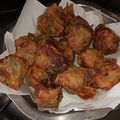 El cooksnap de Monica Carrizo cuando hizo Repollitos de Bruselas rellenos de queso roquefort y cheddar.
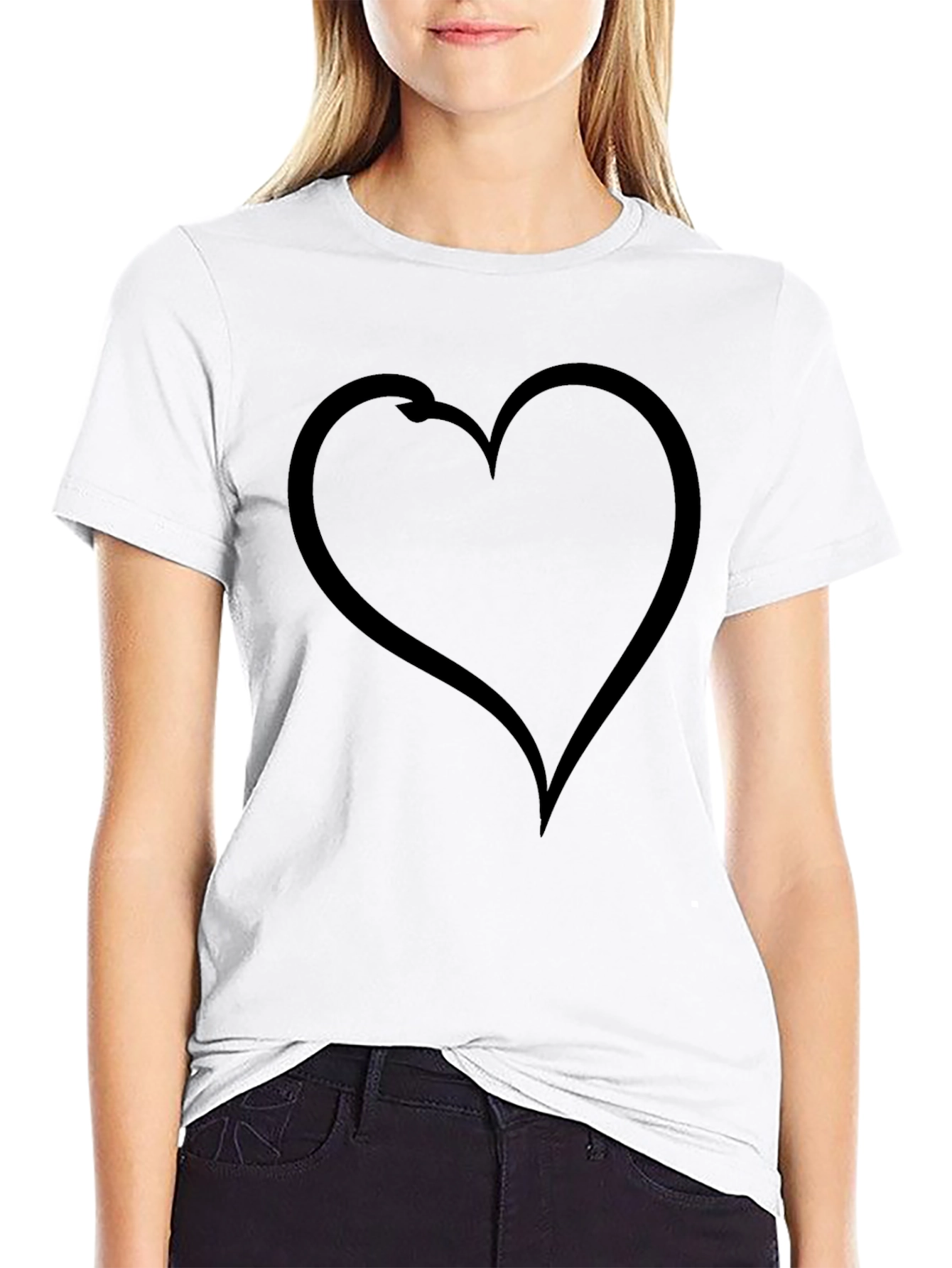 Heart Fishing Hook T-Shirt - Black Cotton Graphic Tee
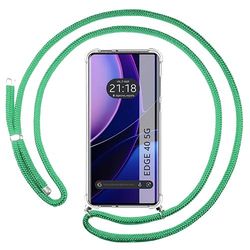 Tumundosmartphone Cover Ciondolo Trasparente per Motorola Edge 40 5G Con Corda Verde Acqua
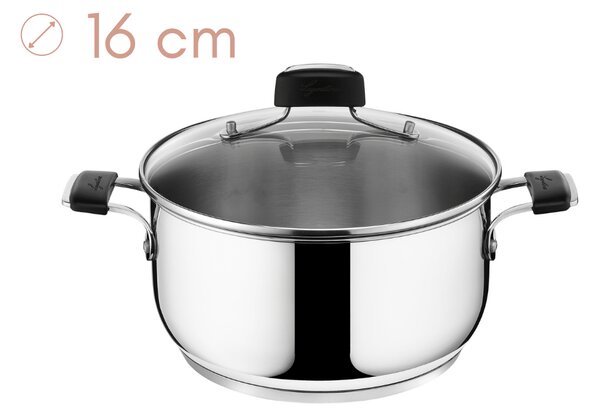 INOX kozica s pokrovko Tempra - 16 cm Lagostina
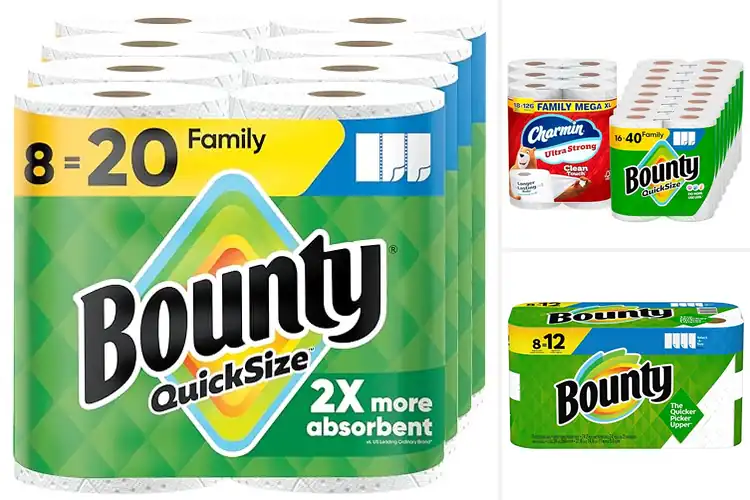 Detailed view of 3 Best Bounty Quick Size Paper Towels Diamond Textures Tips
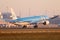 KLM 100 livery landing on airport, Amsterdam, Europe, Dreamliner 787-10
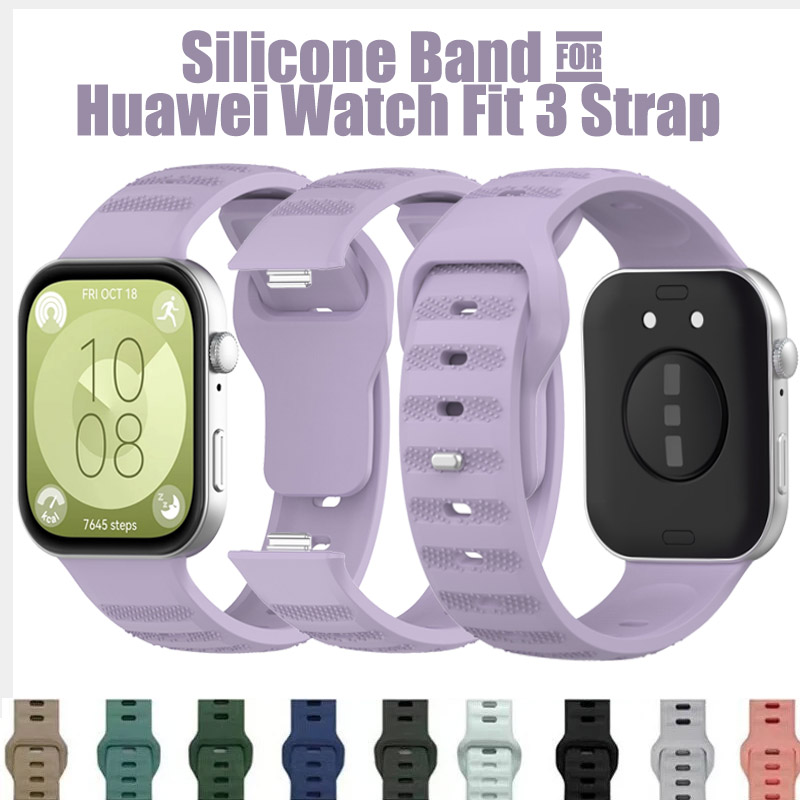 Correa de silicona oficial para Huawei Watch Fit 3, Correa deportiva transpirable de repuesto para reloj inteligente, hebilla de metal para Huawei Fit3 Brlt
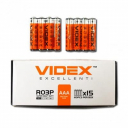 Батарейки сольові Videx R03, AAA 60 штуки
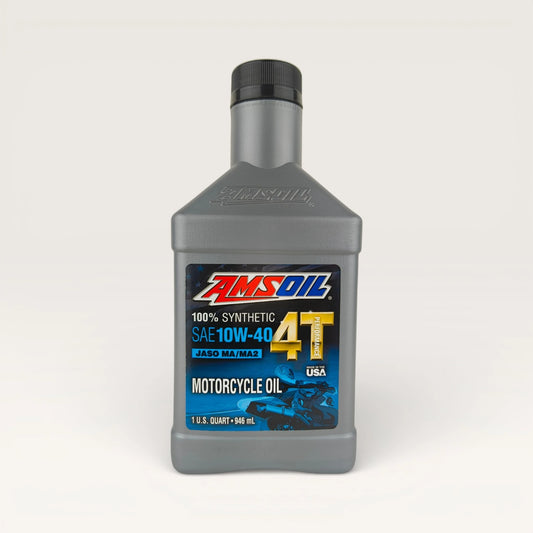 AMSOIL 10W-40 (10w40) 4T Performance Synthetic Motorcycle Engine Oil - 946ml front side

--

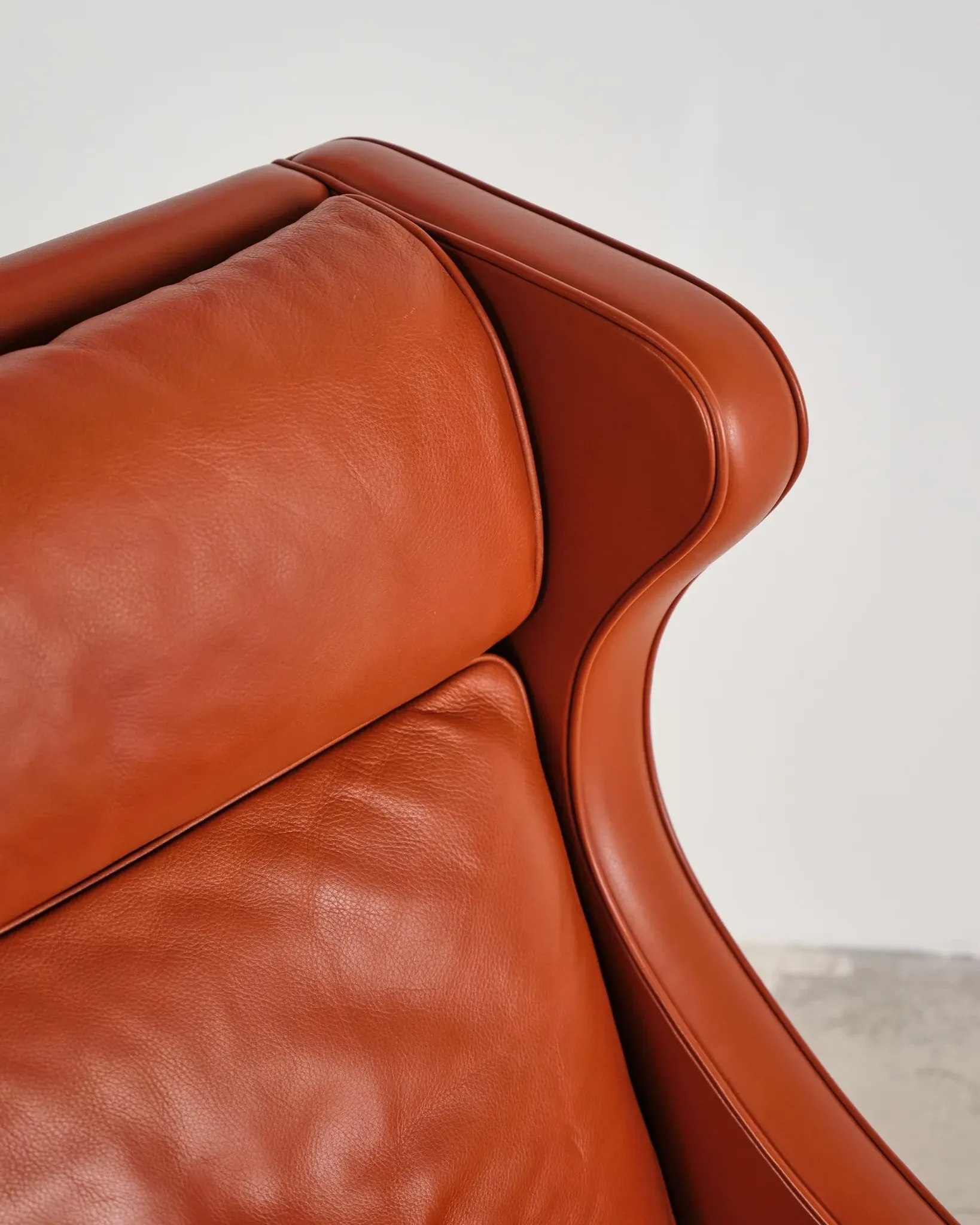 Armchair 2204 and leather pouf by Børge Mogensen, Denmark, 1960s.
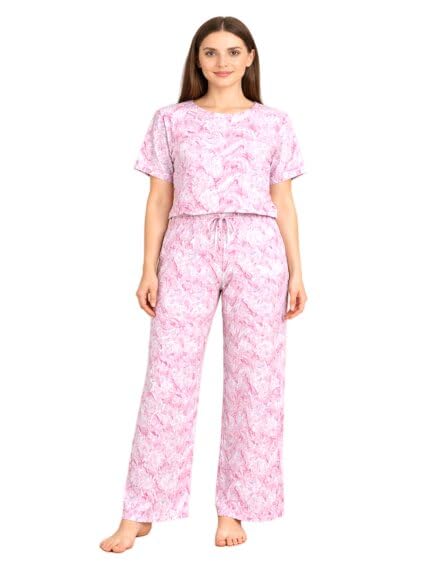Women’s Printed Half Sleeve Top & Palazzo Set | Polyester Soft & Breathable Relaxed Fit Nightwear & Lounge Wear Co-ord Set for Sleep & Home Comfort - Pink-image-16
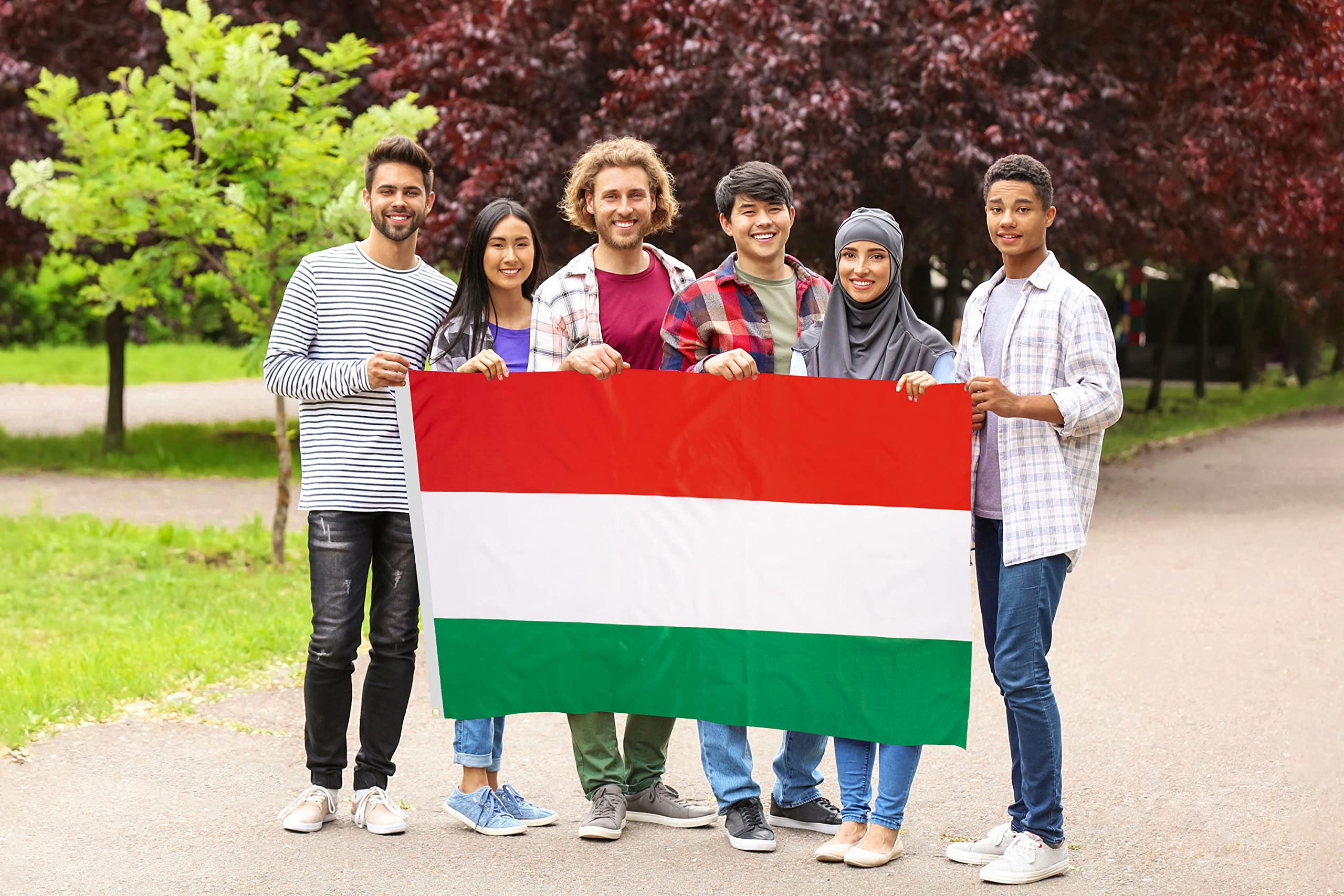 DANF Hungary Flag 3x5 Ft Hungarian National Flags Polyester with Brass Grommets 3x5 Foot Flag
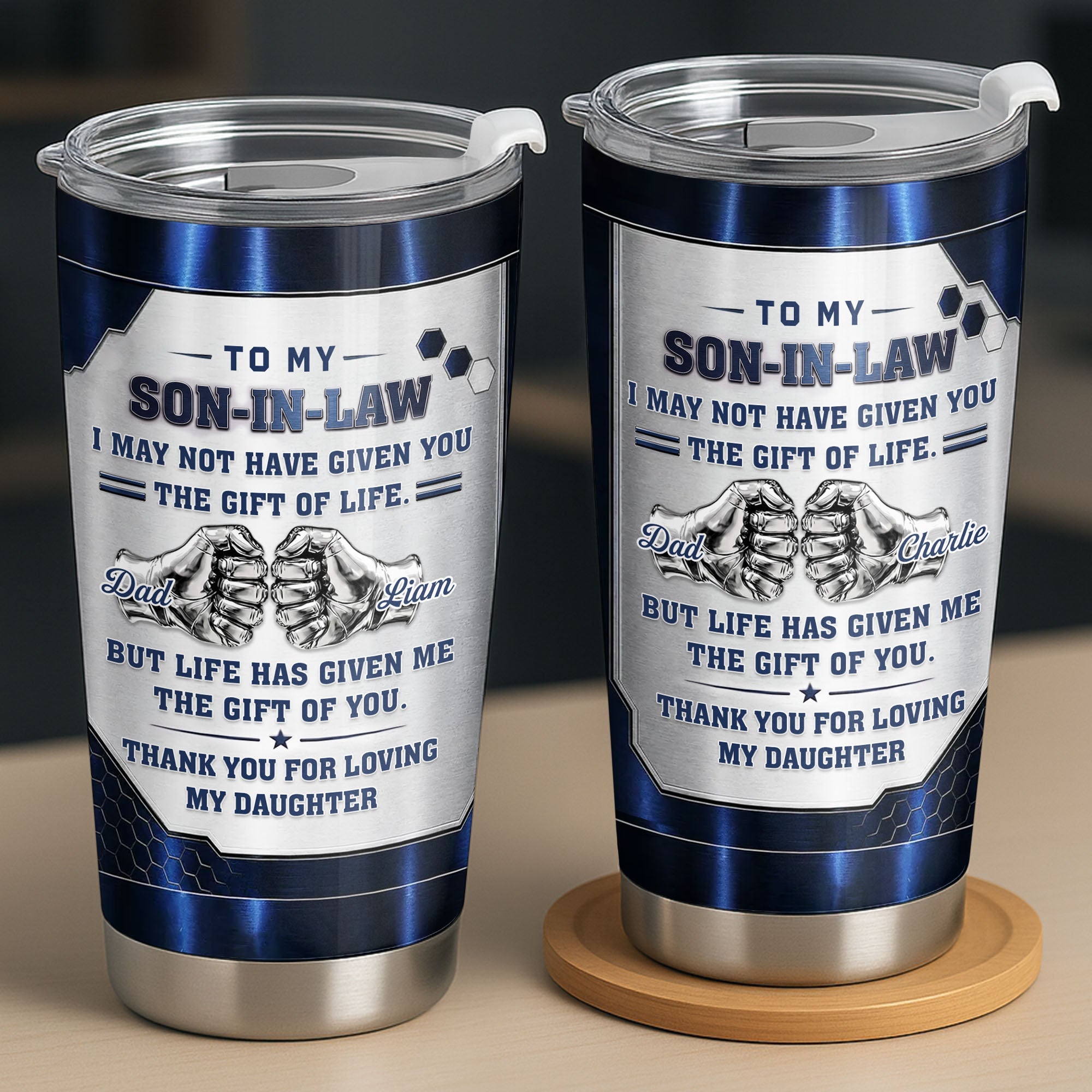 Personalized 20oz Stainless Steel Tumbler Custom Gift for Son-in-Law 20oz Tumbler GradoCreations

* * *

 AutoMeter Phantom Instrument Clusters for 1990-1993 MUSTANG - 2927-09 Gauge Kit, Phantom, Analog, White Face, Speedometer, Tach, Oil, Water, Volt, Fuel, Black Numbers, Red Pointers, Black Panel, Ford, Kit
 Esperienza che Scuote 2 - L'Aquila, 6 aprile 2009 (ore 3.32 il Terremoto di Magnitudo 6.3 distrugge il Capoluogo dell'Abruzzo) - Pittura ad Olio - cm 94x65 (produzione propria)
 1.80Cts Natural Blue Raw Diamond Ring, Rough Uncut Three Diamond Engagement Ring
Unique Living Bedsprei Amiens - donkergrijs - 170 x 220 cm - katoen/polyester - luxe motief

# WORK REQUIRED:
All lines in the listing above from the line containing "1.80Cts Natural Blue" to the line containing "Unique Living Bedsprei", inclusive, should be retyped exactly; no other lines should appear.

# EXERCISE OUTPUT:
 1.80Cts Natural Blue Raw Diamond Ring, Rough Uncut Three Diamond Engagement Ring
Unique Living Bedsprei Amiens - donkergrijs - 170 x 220 cm - katoen/polyester - luxe motief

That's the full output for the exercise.